Although it is their job to break products, testing professionals aren't handed a sledgehammer and simply told to go get ornery with a product. Most in the industry adhere to American National Standards Institute-Rehabilitation Engineering and Assistive Technology Society of North America, International Organization for Standards and, sometimes, their own internal testing standards.

"We adopted the ISO 7176 International Standards for North America, so we do all the ANSI-RESNA tests as prescribed," says Mark Greig, global products director for power products at Sunrise Medical's Longmont office. "Most are `test-and-report' tests."

Each product has a prescribed set of minimum standards that must be adhered to in order to receive ISO or ANSI-RESNA certification. "Each product would have what we call a reliability test plan," Sheffield says, "and in that test plan is where we would identify the standard that applies to that particular product, if there is such a beast."

In some instances, he adds, Invacare sets more stringent internal standards. "There's a fatigue test called the double-drum test where the prescribed ANSI-RESNA test is 200,000 cycles, or 107 miles," Sheffield says. "We take that all the way to 250,000 cycles or 150 miles, just to be sure that we have a safe and reliable product."

An Electric and Light Parade Fatigue or "accelerated life tests" are easy enough to perform on wheelchairs and other DME. But what about products such as concentrators that are made of plastic or composite materials and can be damaged by environmental conditions?

"When you get into composites, you need to look at the effects of temperature and ultraviolet light," says Sheffield. "But you do still have to deal with impact resistance as well because users might drop that product when setting it up or taking it out of the trunk of a car. You have to take into account loading conditions that you wouldn't necessarily have to test when you're dealing with steel or aluminum products."

A number of electronic tests, such as the radio frequency interference test, are also performed on concentrators and other electronic equipment, including power wheelchairs. In an RFI test, products might be hit with up to 15,000 volts of static electricity. There are multiple sources of RFI in the home environment, include such things as blenders. The RFI test has also become more important in recent years because of cellular phones.

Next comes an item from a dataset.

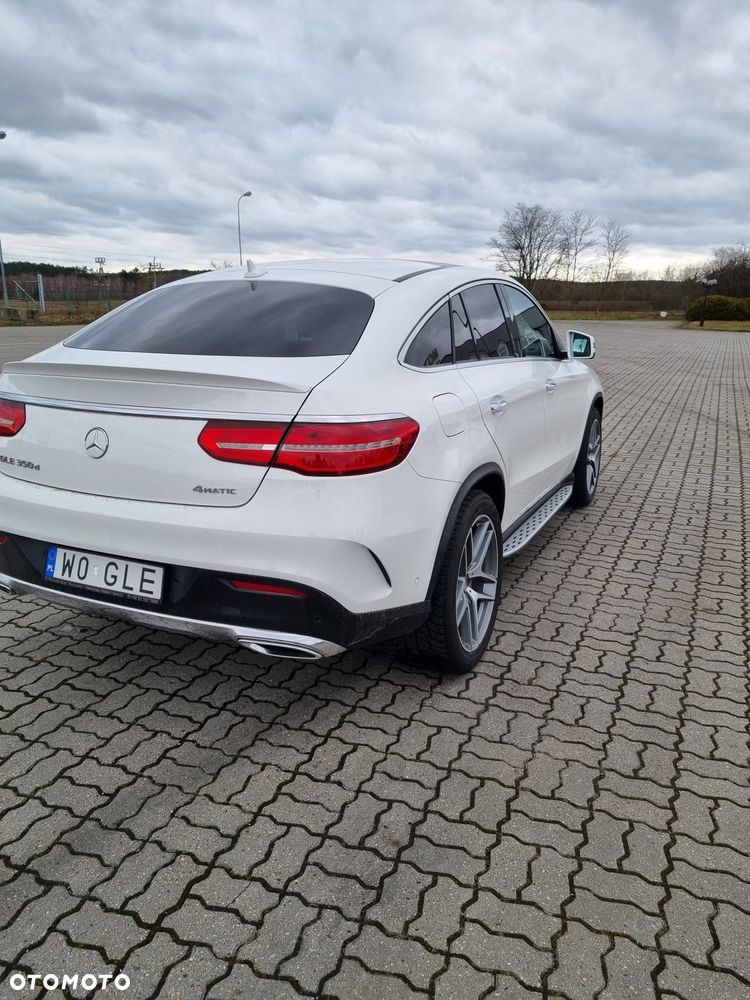 Mercedes-Benz GLE Coupe 350 d 4-Matic - 3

"This test is critical for power chairs because if a user was, say, crossing the street and somebody was using their cell phone and it interfered with the operation of the chair, that could be potentially deadly," says Sheffield.

Ho-hum? Not Hardly

One thing product testing isn't is boring. After all, these professionals get to destroy things for a living.

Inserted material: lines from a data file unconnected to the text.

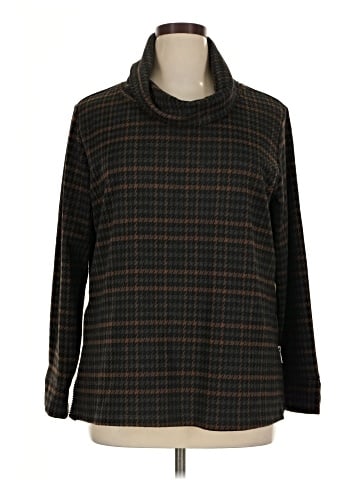 Tribal Turtleneck Sweater (view 1)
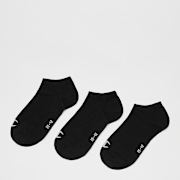 Niet geselecteerd, Champion, 3 PACK - Sneaker Socks, zwart (Uitverkocht)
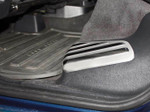 LR002525 - Freelander 2 Door Sill Protectors - Genuine Style In Stainless Steel Image 3 Thumbnail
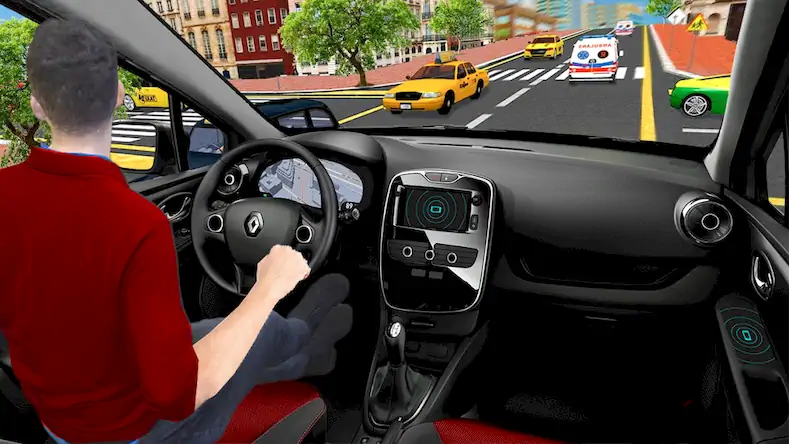 Скачать Taxi Games Driving Car Game 3D [МОД/Взлом Меню] на Андроид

"We don't get bored very often because we're always trying to improve the way we do our tests by making them repeatable, which improves our products," Sheffield says.

Sometimes, he also admits, he and his colleagues "have grins on our faces when we take an engineer's pride and joy back to him in pieces."

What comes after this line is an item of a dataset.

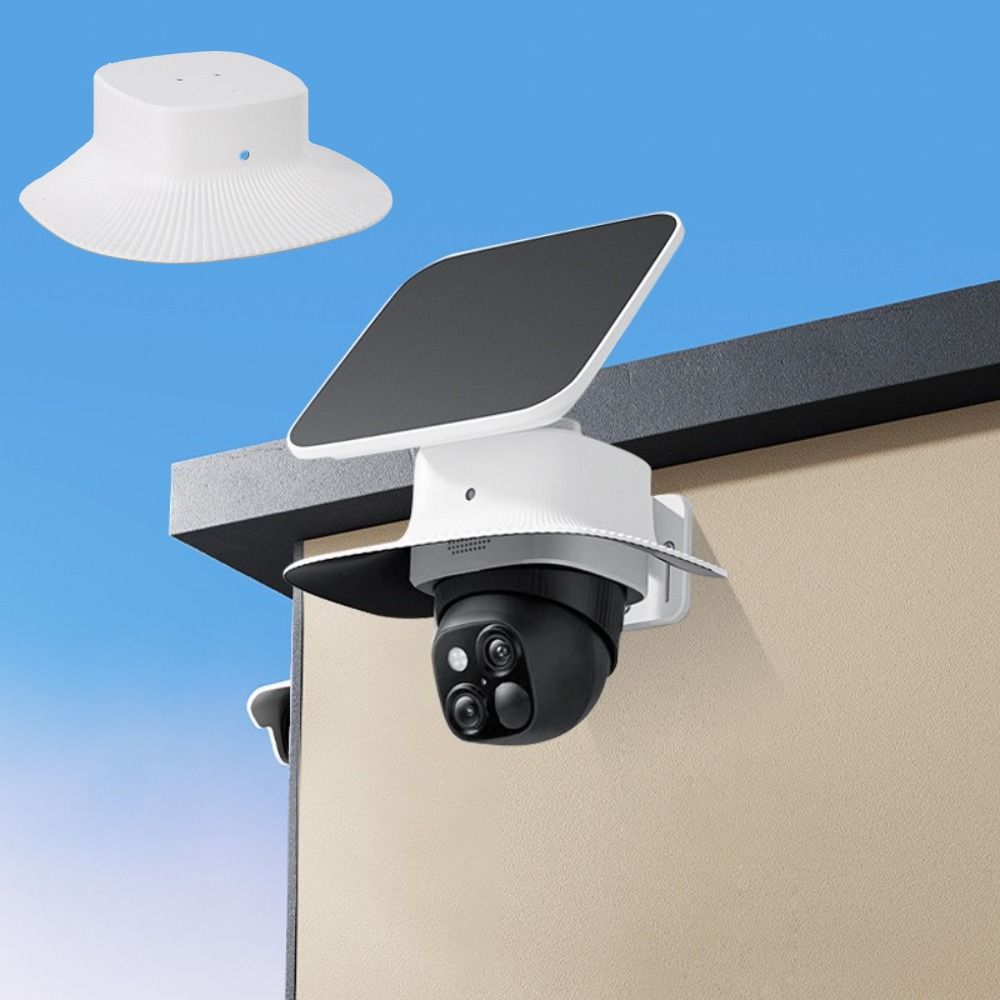 Eufy Camera S340 - Couvercle blanc pour caméra de sécurité,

Adds Greig: "Sometimes we do see some disappointment [from design engineers], but it's all a learning experience," he says.

"After every test, there's always something to be learned - and it's amazing the solutions that come. It seems there's always a solution to a problem, and the tests are what make us aware of those problems."

That, says Davis, is the point of all this destructive activity: to make sure any product that hits the street lives up to expectations. "You almost have to make everything bulletproof," he says.

Perhaps the name of the industry's products should be changed to BME ... bulletproof medical equipment.